In March 2010, Errata did a study asking people what reasons they had if they were not using a secure development lifecycle. By far the most popular answer was resource constraints. The 4 options above would imply that, at least according to security folks, the reason people do not adopt secure coding is because of some black and white risk assessment telling them they are not in danger. So, does this mean that the people in the study aren't being honest with themselves, or that security professionals are out of touch with the motives of the development shops?

3 comments:

kurt wismer said...

well, i am a developer, so i would be part of the development community ben spoke of.

i also happened to attend sector, but unfortunately i didn't make it to marisa's talk (there just aren't enough of me to go around to all the talks i was interested in).

i agree with ben's notion that a lack of process holds back adoption of secure coding practices but i also agree that lack of resources do too. lack of resources hold back adoption of formal processes.

it's difficult to make the case for formal processes when a dev shop starts out and only has 1 or 2 actual developers, so man-power resources can be issue. as the shop grows larger, so too do it's customer obligations and so the time and money requirements to shift over to formal processes are hard to justify (again, a resource issue).

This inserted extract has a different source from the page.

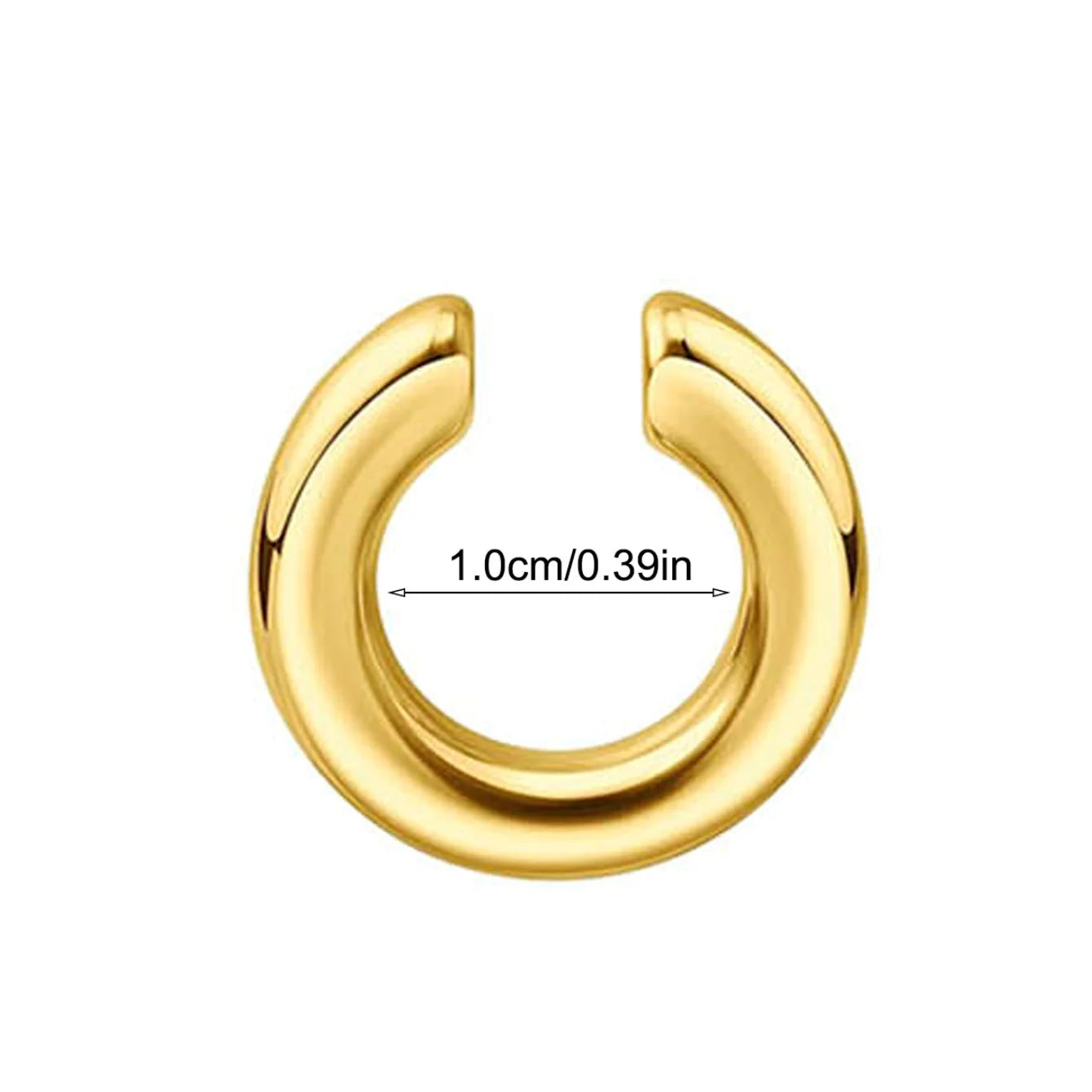 1pc Exaggerated c-Shaped Non-Piercing Nose Ring Fake Piercing Non-Piercing Ear Bone Clips For Men Ear Cuff Earrings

at the end of the day, corporate inertia (unfortunately dev shops are run by business people, not developers) keeps the status quo in place until the shop encounters a big enough force to get it moving towards change. the folks at the top have to buy into any plan that changes how development gets done because it changes how fast development can get done (formal processes don't lend themselves to cutting corners) and how much they can promise customers and prospective customers in the course of their aggressive sales tactics.

those top 4 things seem right to me as far as what kind of things are needed to overcome corporate inertia.

jduck said...

"People are killed" -- Love it!

Unknown said...

I am not a developer, but I work with several teams of them. I would agree with both Ben and Kurt up above, as well as the 4 items mentioned in you post.

I'd also add a fifth: A customer is lost and lack of secure coding is to blame. This is a less dramatic version of #2.

Really, any additional process, time, effort, or money *at all* is touchy when there is an absence of reason for it. If business doesn't buy into making things secure for their customers, then they will never buy into any additional resource use for the devs to do it securely.

There are two ways that developers can influence a more secure dev cycle: they either come to the table already smart/experienced enough to create secure code, or they make the risk case to business such that business agrees with it. That does happen, sure, depending on how it is sold to the business and the business culture. But the key is the business seeing value (at all) in security. (At least beyond what they just expect between the lines...'of course we build it secure, our devs aren't dumb!'...)

But far too often, devs are already cowed by business. Get more things done faster with better stability and features.